Since it's become apparent he's very stiff, isn't able to straighten his legs, arms, fingers, however pysio is helping with this.

We go to the first genetic appointment next Monday and I'm just wandering what to expect? I think everyone is assuming were going to get an answer as to what's going on with him, but I just don't think we are yet. When he was born they said it could take months and months to come to a conclusion. Don't get me wrong I want answers so bad but I don't want to get my hopes up and end up leaving still being in the dark as to what's wrong with my baby. I've sent off a family history tree with known medical conditions of family (however nothing relevant to my son) and sent photos of him already.


----------



## alibaba24

Prepare for the fact genetics can sometimes take years to get a diagnosis. Sorry you are having to go through this its so worrisome. My DD met with a genetics consultant but they decided not to do further testing


----------



## xx_danni_xx

I agree with the above... It can take years to get answers I'm afraid. We went when my son was about 6 months old and they decided to do no further testing but now they suspect he does actually have a rare genetic disease so we go back again in January to begin genetic testing and research and they have already told us it could be 10/20 years until we get answers :( it just depends on what they find and the advances in technology. 
I hope you don't have to wait so long, my son is now 3 and we still don't have an official diagnosis, I've now accepted it'll be years when we do! 
Good luck at your appointment next week :)


----------



## xLaura

Thanks for your responses. Yeah I am aware it can take years, they even said they might never find what's actually wrong with him. I just hate the not knowing and want to have some sort of idea what the future is going to hold for him, but I'm fully prepared that that's prob not going to be the case. 

It's just so hard as he's got so many different medical complications that when I'm trying to explain to all his different doctors (as they seem incapable of reading his bloody notes) what's wrong with him I've no idea what I'm telling them. And everything just seems to be put down to his 'condition' which I think is bccoming a scapegoat for everything! It's so frustrating!


----------



## xx_danni_xx

I could of wrote what you said myself! It really is so frustrating. We've also been told we may never know what his condition it, this genetic testing were going for is kind of my last hope! Like you I just want to be able to plan for his future or at least prepare for it, whether he'll walk or talk or live independently. All questions which I'm probably never going to get answers to!
Have they diagnosed your son yet? What do they suspect? 
We get a different diagnosis every time he's seen! They always tell us it's all related but half the time it's from me googling things and then I go back and tell them what I think and they just kind of agree and say oh yes it's that! Lol I've got a lot of hope resting on this genetic testing and I just hope they can give us answers, and I hope you get some answers too!


----------



## xLaura

I'm sorry your going through this aswel.

They haven't really told us anything tbh. I over heard his cardiologists when they were talking amongst themselves say they had suspected piere robin but apart from the small mouth and heart defects nothing eles fits so I don't think it is that, but who knows. But none of his doctors have actually said that to me which was kinda annoying as he's my child and I feel asif I have the right to know if they suspect something rather than just saying they've got no idea when they clearly had because it must of been in notes somewhere.
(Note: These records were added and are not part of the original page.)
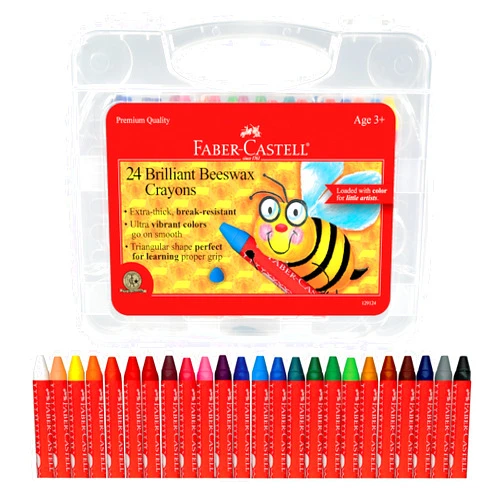 Faber-Castell Beeswax Crayons in Durable Storage Case, 24 Vibrant Colors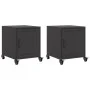 Mesitas de noche 2 uds acero negra 36x39x43,5 cm de , Mesitas de noche - Ref: Foro24-846615, Precio: 71,28 €, Descuento: %
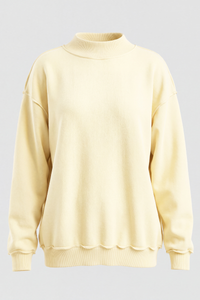 Women's Fall Drop Shoulder Loose Fleece Mock Neck Sweatshirt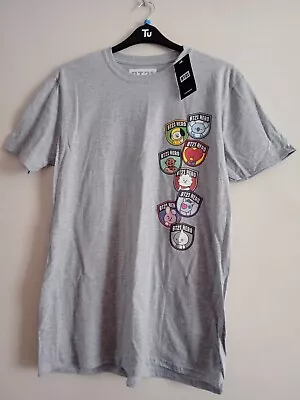 Buy Size Large UK 16 (EU44) BT21 BTS Line Friends Badges Grey T-Shirt New With Tags • 18.99£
My mum is convinced he's got marfans syndrome, (from googling) which he does fit all the category's in all fairness but weather the doctors suspect that I've no idea. I'm hoping we get actually get told as to what/if they suspect anything on Monday.


----------



## xx_danni_xx

Yeh I'd definetly tell them tomorrow that you suspect marfans syndrome and just explain why,and they may agree with you or at least run some tests to try and find out. I know with my son I suspected he had a condition called septo optic dysplasia (same as Katie prices son, Harvey) so I told them and they agreed with me and diagnosed him with it, it was only after an MRI that it was revealed he didn't actually have it, but it still annoyed me that I was Able to find a diagnosis from googling, yet they didn't have anything! Stupid really. Even now I suspect he has another rare condition so will mention it when we are next seen. 
I hope it goes well tomorrow for you and you get at least some answers! Let us know :)


----------



## Peanut78

Hey there, my son has neurological issues. We have had some genetic testing done (micro-array) through our paediatric neurologist at Great Ormond Street which came back showing no genetic link. We are now considering seeing a geneticist for further testing.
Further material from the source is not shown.